Any Given Sunday
Oliver Stone's football fantasy is in some ways a locker-room rendition of
All About Eve. Dennis Quaid plays the loyal, aging quarterback, Jamie
Foxx is his cocky understudy, and holding the team (the fictitious Miami
Sharks, ostensibly fashioned after the NFL's notorious bad boys, the Oakland
Raiders) together is Al Pacino as the old-school coach. Shades of Pete Carroll:
the team struggles to make the playoffs and the coach's leadership is
challenged, both on the sidelines by the flashy upstart QB and from above by
the franchise's brassy new owner (a wonderfully bitchy Cameron Diaz).

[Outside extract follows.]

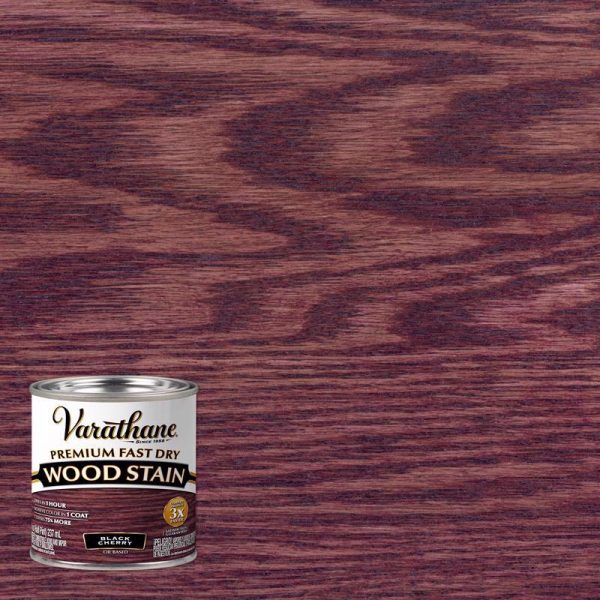 Varathane Premium Semi-Transparent Black Cherry Oil-Based Urethane Modified Alkyd Fast Dry Wood Stai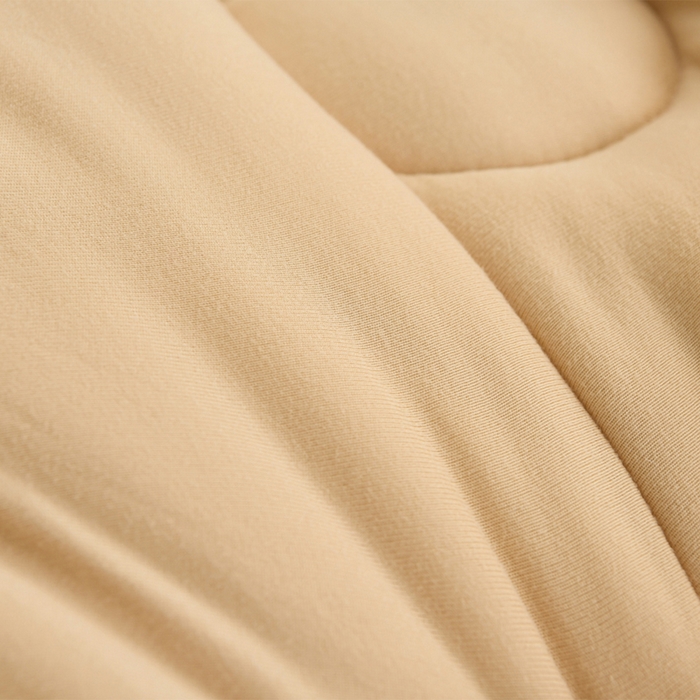 91家纺网 家纺一手货源 找家纺 圣楚家纺 2025新款针织豆豆冬被 被子被芯 卡其豆豆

Stone, for all his frenetic edginess, does a decent job of forging credible
relationships among the leads -- though Quaid's QB uncharacteristically steps
outside his persona to fuel the plot trappings. Foxx demonstrates a surprising
range, and Pacino brilliantly toggles between tenacious warrior and beleaguered
once-was. The ensemble supporting cast boasts a who's who of Hall of Famers
including Jim Brown, Lawrence Taylor, and Johnny Unitas. Stone indulges too
much of his nauseatingly grandiloquent editing style, which takes some of the
zip off the gridiron action. But if Any Given Sunday isn't quite in the
same league as North Dallas Forty or The Longest Yard, it's good
pigskin entertainment. Be sure to stick around for the credits; that's when the
film goes into OT and delivers the kicker. At the Harbour Mall, Showcase,
Starcase, Tri-Boro, and Woonsocket cinemas.